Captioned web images
——————————

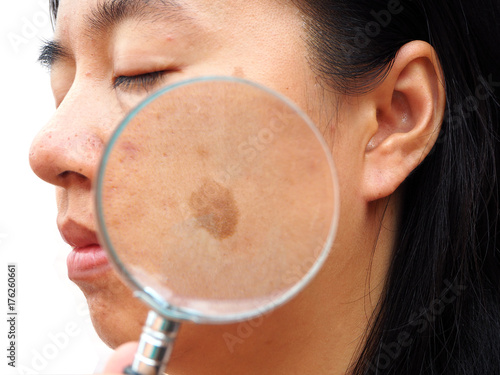 woman with magnifier focus on melasma skin
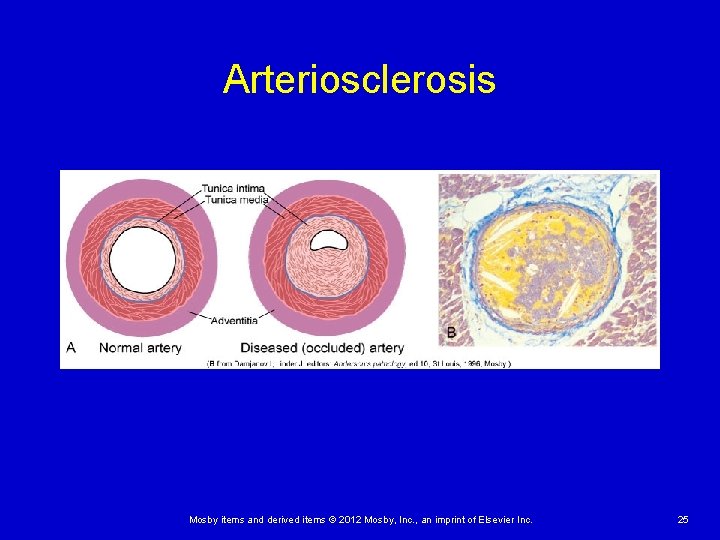 Arteriosclerosis Mosby items and derived items © 2012 Mosby, Inc. , an imprint of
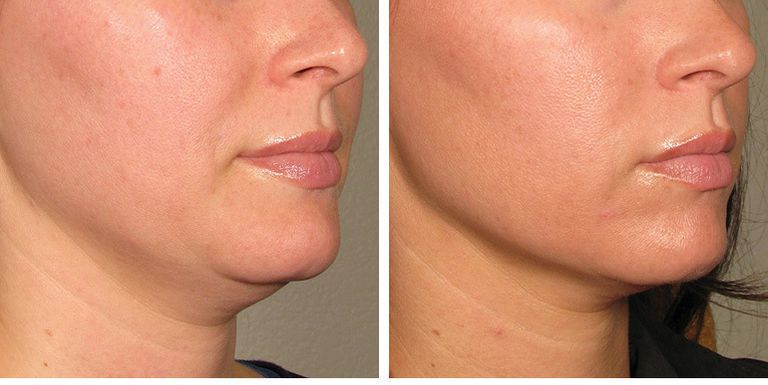 Skin Tightening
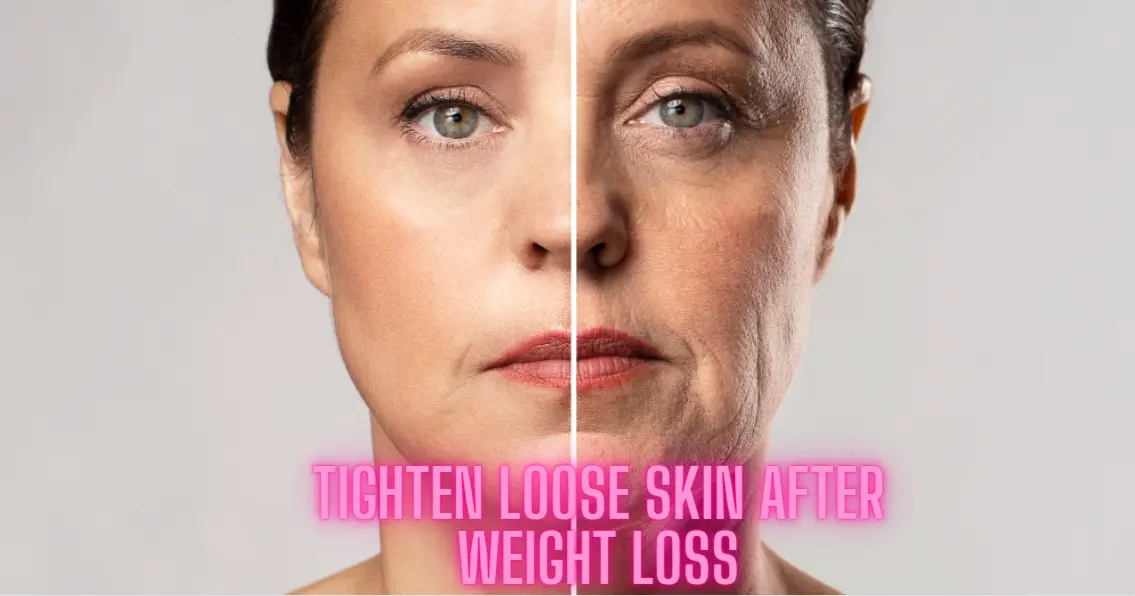 Tighten Loose Skin After Weight Loss Naturally.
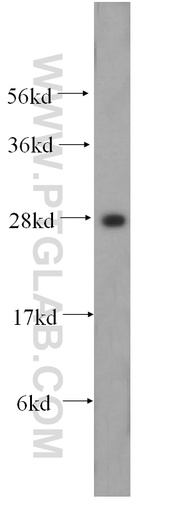 [17780-1-AP-20UL] HOXD4 Polyclonal antibody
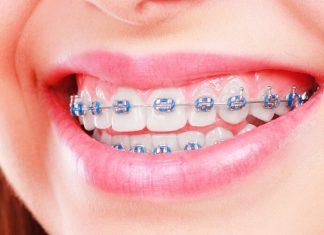 Брекеты для подростка: раскрываем все секреты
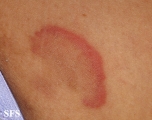 erythema annulare centrifugum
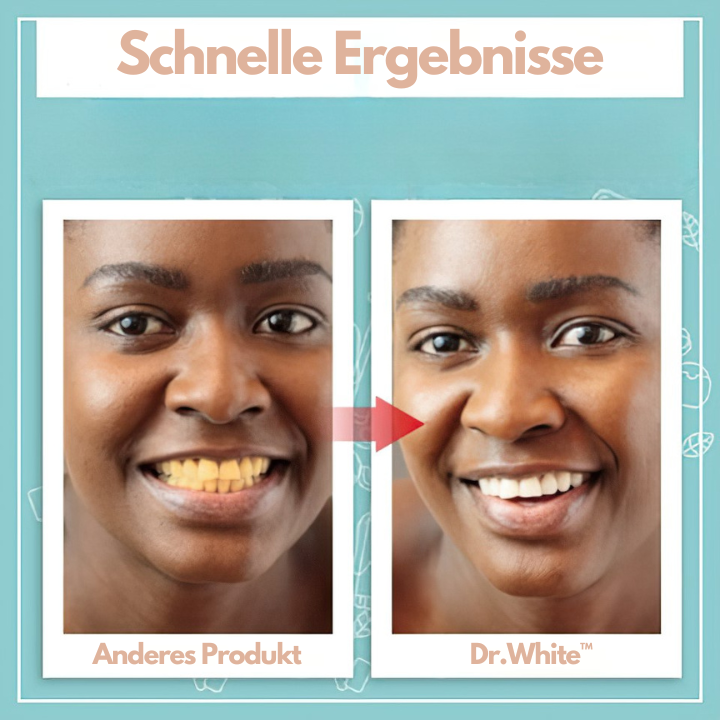 Dr.White™ - Sofort aufhellende Zahnpasta (1+1 GRATIS)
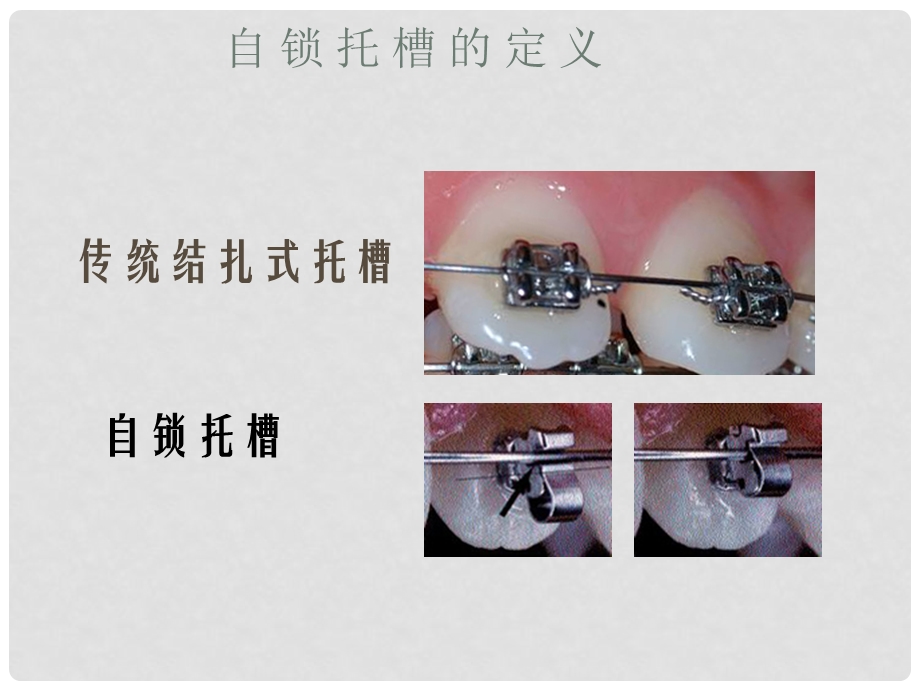 自锁托槽矫治技术.ppt南京医科大学.ppt_第3页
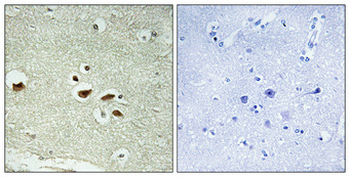 hnRNP K (phospho Ser284) Polyclonal Antibody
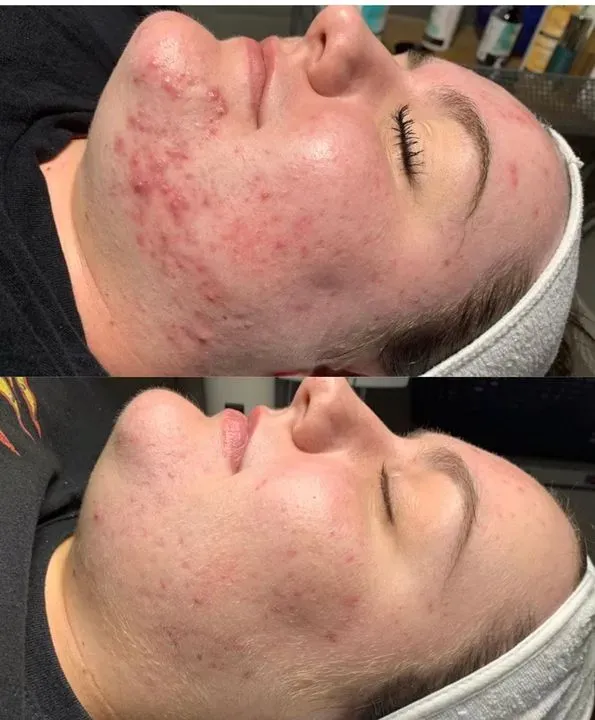 https://cdn.salonspotlight.com/photos/Ajmz09DkZf80rSjkBsCJ/bed2d712-842c-4e23-b934-65ec7ffe2b44_720x720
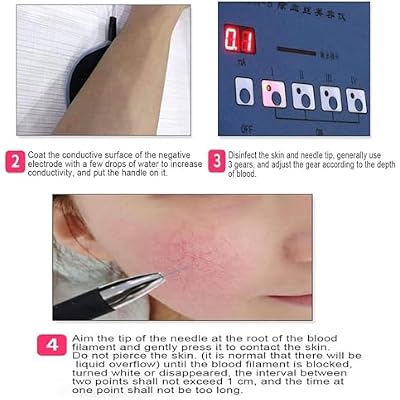 Varicose Vein Treatment Device, DIY Vein Removal Pen, 4 Adjustable Power Levels, 5-Button Smart Control, for Home or Clinic Use, Beauty Salon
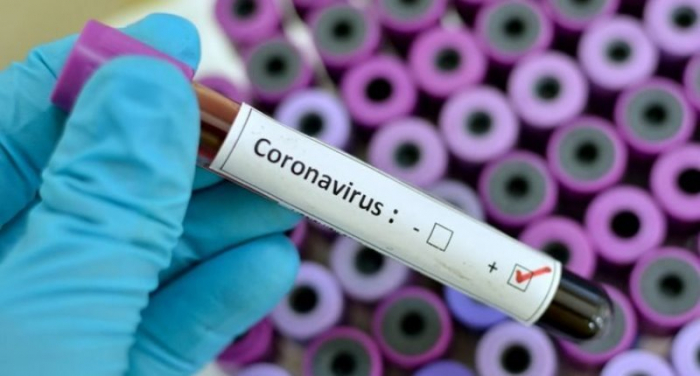  Ermənistanda 20 nəfər koronavirusdan öldü 
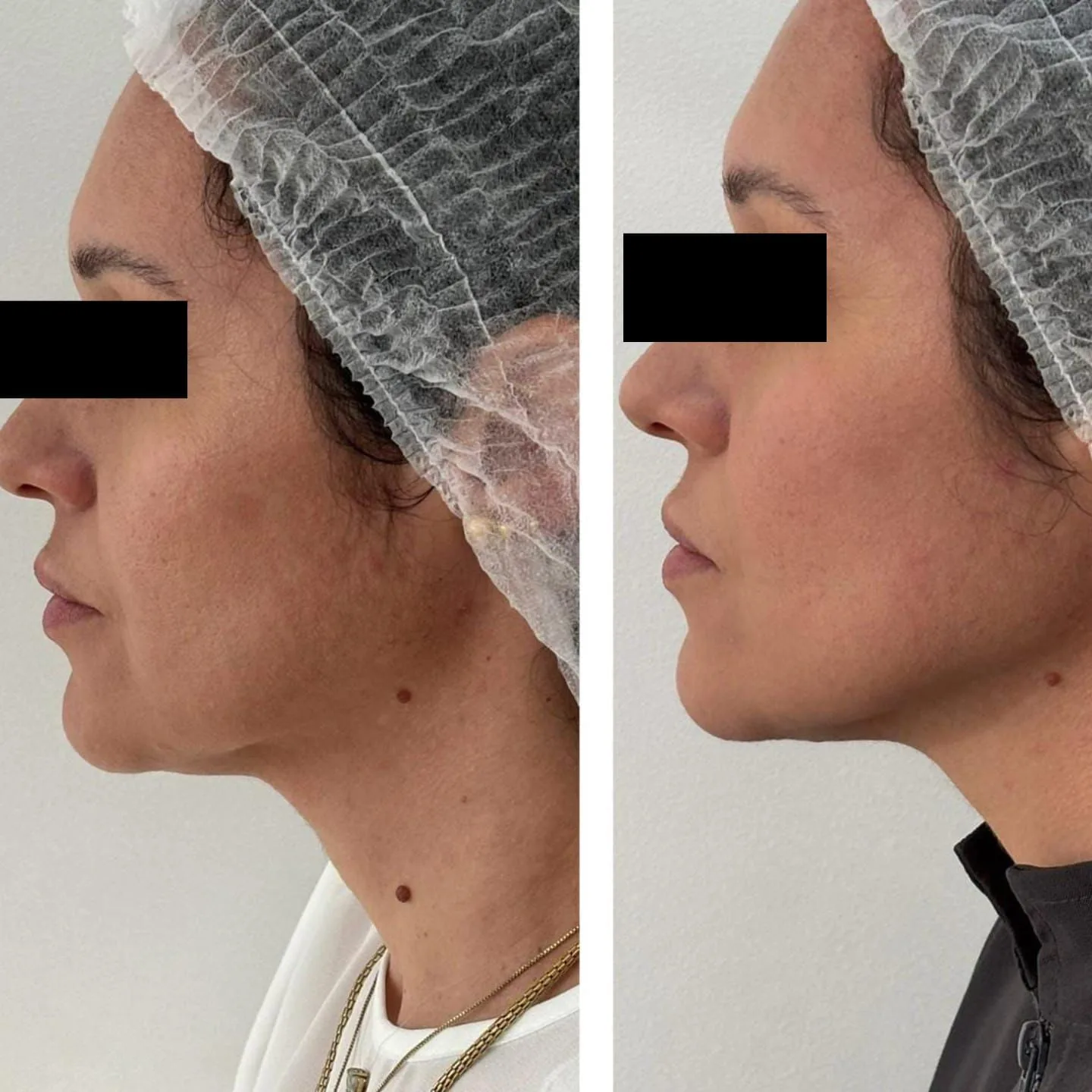 Antes e Depois HIPRO 2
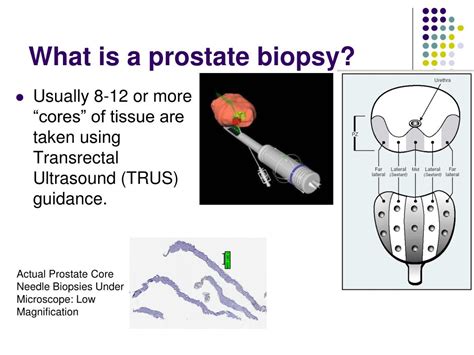 Ppt Prostate Needle Biopsy The Pitfalls And The Role Of The Pathologist Patient Track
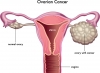 ovarian cancer micronutrients 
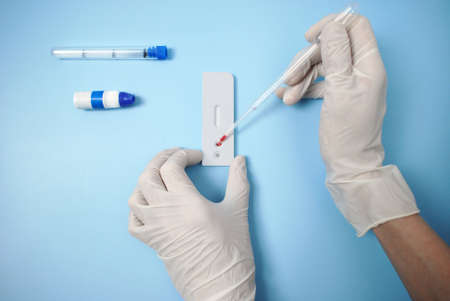 Doctor shows rapid laboratory a test kit for viral disease virus. Hand in medical glovesの写真素材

——————————

> EXERCISE DETAILS
Take the records above and transcribe them exactly, dropping every picture.

> FINISHED TASK
 woman with magnifier focus on melasma skin
 Arteriosclerosis Mosby items and derived items © 2012 Mosby, Inc. , an imprint of
 Skin Tightening
 Tighten Loose Skin After Weight Loss Naturally.
 [17780-1-AP-20UL] HOXD4 Polyclonal antibody
 Брекеты для подростка: раскрываем все секреты
 erythema annulare centrifugum
 Dr.White™ - Sofort aufhellende Zahnpasta (1+1 GRATIS)
 自锁托槽矫治技术.ppt南京医科大学.ppt_第3页
 hnRNP K (phospho Ser284) Polyclonal Antibody
 https://cdn.salonspotlight.com/photos/Ajmz09DkZf80rSjkBsCJ/bed2d712-842c-4e23-b934-65ec7ffe2b44_720x720
 Varicose Vein Treatment Device, DIY Vein Removal Pen, 4 Adjustable Power Levels, 5-Button Smart Control, for Home or Clinic Use, Beauty Salon
  Ermənistanda 20 nəfər koronavirusdan öldü 
 Antes e Depois HIPRO 2
 Ppt Prostate Needle Biopsy The Pitfalls And The Role Of The Pathologist Patient Track
 ovarian cancer micronutrients 
 Doctor shows rapid laboratory a test kit for viral disease virus. Hand in medical glovesの写真素材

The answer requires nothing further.